Ao mesmo tempo, as meninas também acabam sendo vítimas de estigmas que ainda persistem em relação às mulheres. Nas unidades destinadas aos garotos, eles não são obrigados a fazer faxina em todas as dependências das unidades. As meninas são. De acordo com o estudo, no Pará, Rio Grande do Sul e Pernambuco, as garotas relatam que fazem a limpeza em tudo, sob pena de cumprir sanções disciplinares. “Elas limpam dormitórios, salas e até as diretorias”, afirma Marília. O abandono familiar também atinge mais as jovens do que os garotos. “Elas recebem poucas visitas. Há uma decepção maior dos familiares, como se as garotas tivessem rompido com um padrão esperado de boa moça”, diz a advogada. O esquecimento também vem dos parceiros. “Os companheiros não estão dispostos a enfrentar as dificuldades impostas às visitas”, diz Berenice Gianella.

Em geral, as garotas atuam em papéis secundários no crime.
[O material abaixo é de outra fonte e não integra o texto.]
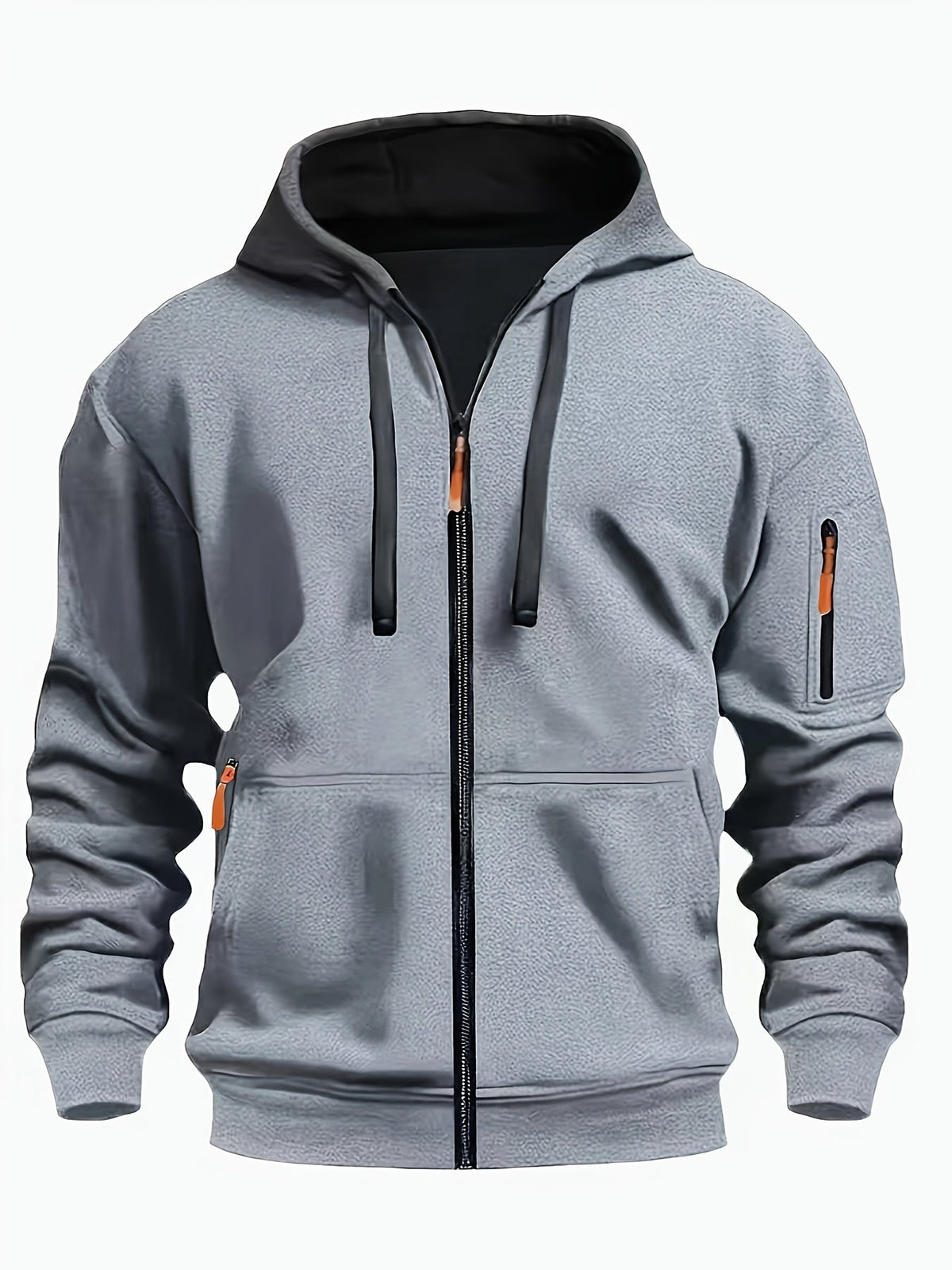 Zip-Up Hoodie for Everyday Wear | Comfortable Cotton Blend | Casual Style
De acordo com o levantamento, o tráfico de drogas é o delito mais recorrente entre os motivos que levam ao encarceramento. É o caso das menores S.B., 17 anos, e de B. F. S., de 15 anos, internadas na unidade Chiquinha Gonzaga, em São Paulo. S. está internada há oito meses. “Chegava a tirar de R$ 3 mil a R$ 4 mil toda sexta-feira no tráfico.” B. F. S. há quase um ano. “Minha mãe traficava quando eu era pequena. Eu comecei no tráfico com um amigo do meu irmão. O dinheiro vinha fácil, que nem água. Depois comecei a roubar casas e carros”, diz B. também entretida com o bordado de seu nome. Em boa parte das unidades avaliadas, pouco se oferece de novos caminhos às meninas. Sobretudo nos estados do Norte, Nordeste e Centro-Oeste, as atividades profissionalizantes são precárias e as garotas passam a maior parte do tempo sem fazer nada. “Elas costumam dizer: ‘eles não esperam de mim grande coisa. Se eu souber fazer bem uma faxina, uma unha está bom’”, relata Marília.